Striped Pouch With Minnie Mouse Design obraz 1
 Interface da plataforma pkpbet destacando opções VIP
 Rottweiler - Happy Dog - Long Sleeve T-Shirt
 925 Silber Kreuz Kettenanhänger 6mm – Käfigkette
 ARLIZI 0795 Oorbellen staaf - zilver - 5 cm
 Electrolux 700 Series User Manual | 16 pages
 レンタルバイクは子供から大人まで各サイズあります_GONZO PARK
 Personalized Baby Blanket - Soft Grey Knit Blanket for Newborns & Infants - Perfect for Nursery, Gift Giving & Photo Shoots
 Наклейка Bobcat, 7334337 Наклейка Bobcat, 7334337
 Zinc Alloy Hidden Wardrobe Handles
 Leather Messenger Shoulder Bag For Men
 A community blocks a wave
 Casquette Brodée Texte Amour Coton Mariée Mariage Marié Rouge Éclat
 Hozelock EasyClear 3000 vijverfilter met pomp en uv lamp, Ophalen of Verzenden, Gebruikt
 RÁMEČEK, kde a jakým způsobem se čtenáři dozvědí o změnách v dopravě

WHAT YOU ARE ASKED TO DO ▸ Going down the listing above, begin printing at the line with "Personalized Baby Blanket" and finish with the line with "A community blocks a wave", exactly as they appear.

TASK ANSWER ▸
 Personalized Baby Blanket - Soft Grey Knit Blanket for Newborns & Infants - Perfect for Nursery, Gift Giving & Photo Shoots
 Наклейка Bobcat, 7334337 Наклейка Bobcat, 7334337
 Zinc Alloy Hidden Wardrobe Handles
 Leather Messenger Shoulder Bag For Men
 A community blocks a wave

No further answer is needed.